Wow thanks for posting this story! I knew to disconnect but I didn’t think to lock the inventory screen.

It’s insane to me that someone would scam with a friend. Like, how does that conversation come up? I can understand the mindset of why someone would start scamming. I can’t understand how a person wouldn’t feel ashamed or feel the need to hide their scamming though. And then that they’d discuss and invite their friends to join?

Maybe I’m just naïve and sheltered by good relationships. I don’t know anyone IRL who would scam in a game.

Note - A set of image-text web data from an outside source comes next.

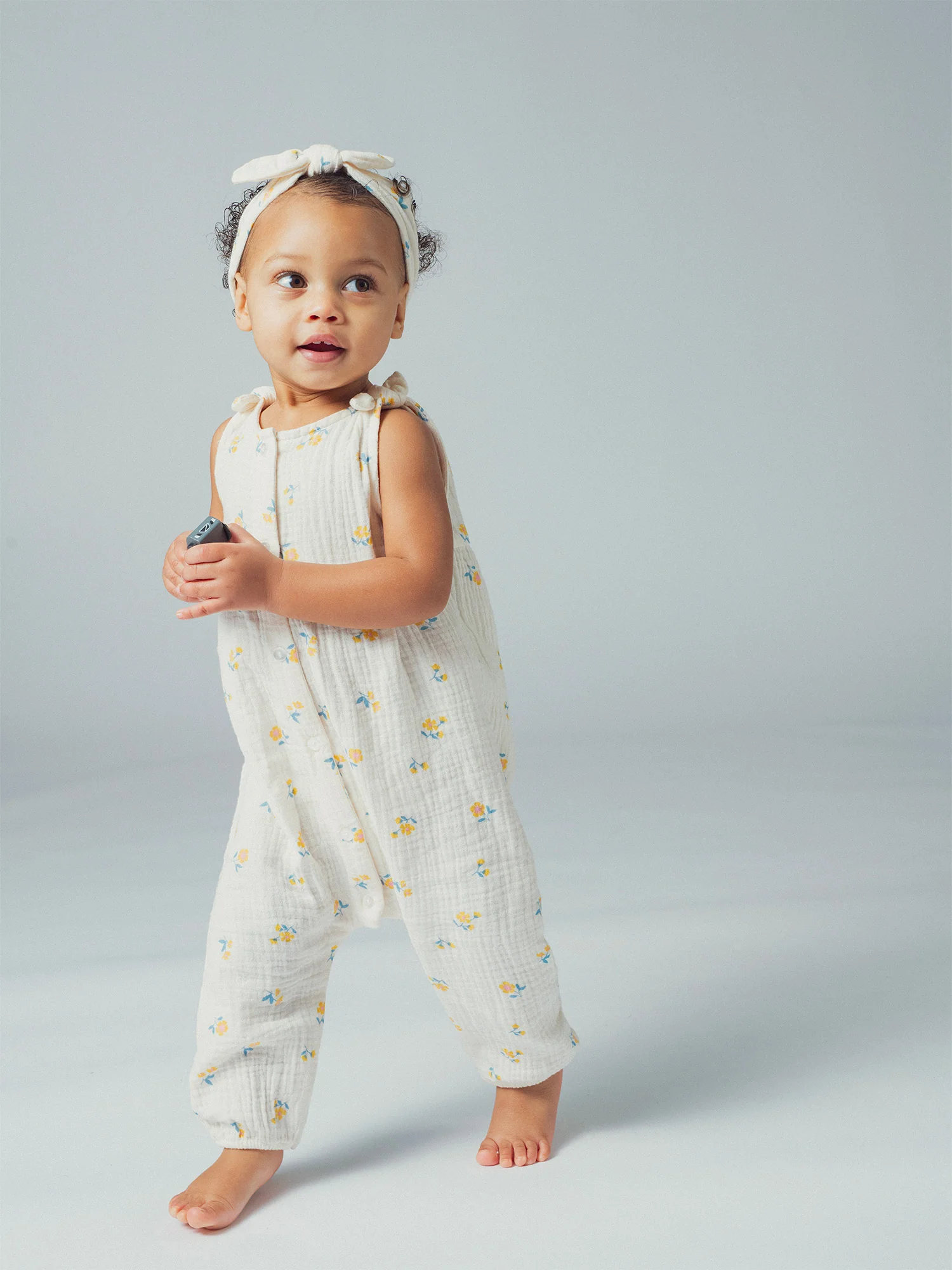 Salopette à fleurs pour bébé fille – Image 2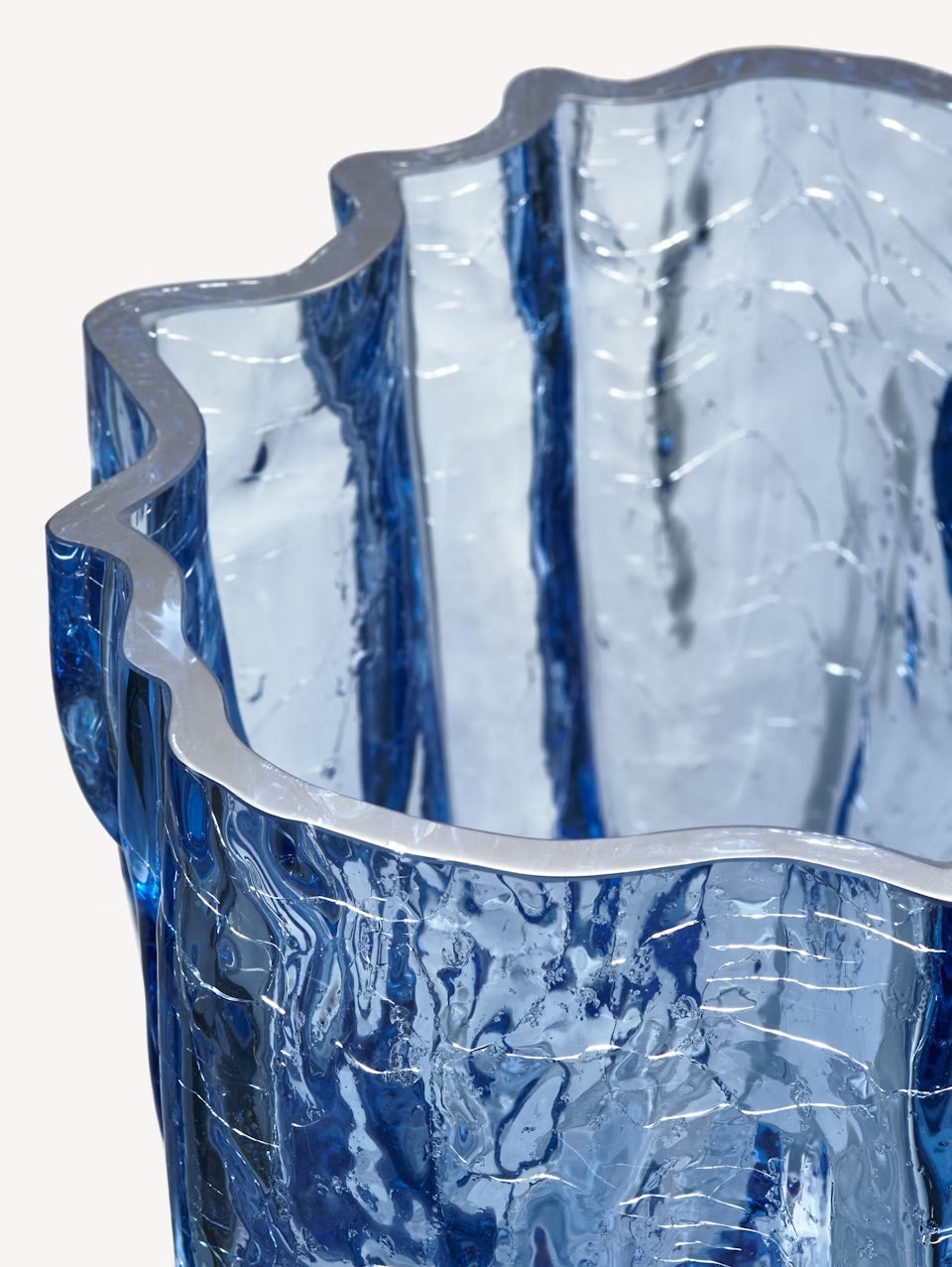 Crackle Blue Vase 175mm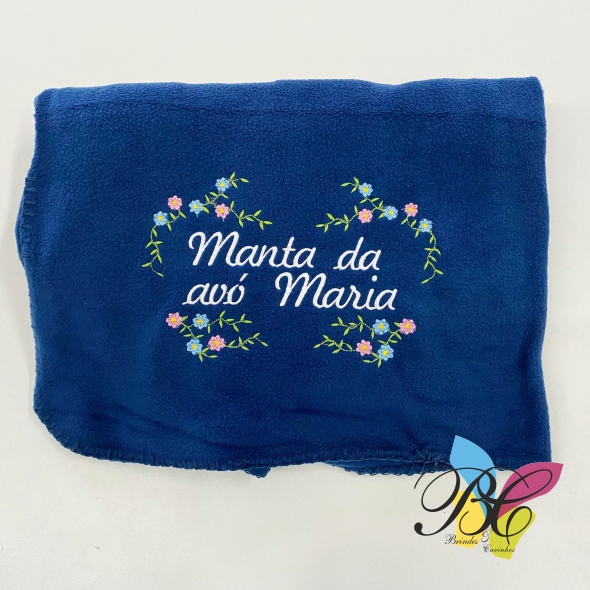 Manta bordada, pequenos ramos de flores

	Post automatically merged: May 4, 2020



Lavulin98 said:


> I'm just bitter I spent time digging an almost full inventory of hybrids. And replanting them like a sore loser.


RIP your shovel


----------



## naranjita (May 4, 2020)

I'm glad you knew how to avoid getting scammed!! but man, imagine talking to your friend like "hey help me scam this person on animal crossing" lol that's so wild


----------



## meo (May 4, 2020)

Babylon said:


> Wow thanks for posting this story! I knew to disconnect but I didn’t think to lock the inventory screen.
> 
> It’s insane to me that someone would scam with a friend. Like, how does that conversation come up? I can understand the mindset of why someone would start scamming. I can’t understand how a person wouldn’t feel ashamed or feel the need to hide their scamming though. And then that they’d discuss and invite their friends to join?
> 
> Maybe I’m just naïve and sheltered by good relationships. I don’t know anyone IRL who would scam in a game.



People of similar mentalities tend to befriend one another and probably find it comical that they were able to take x items in a game from x naive player. I'm sure they probably agree on splitting the stuff and have a laugh together about the experience. You have "trolls" in every game and their purpose is to "grief" others...the more upset you are by what they do in a game the more they find it funny.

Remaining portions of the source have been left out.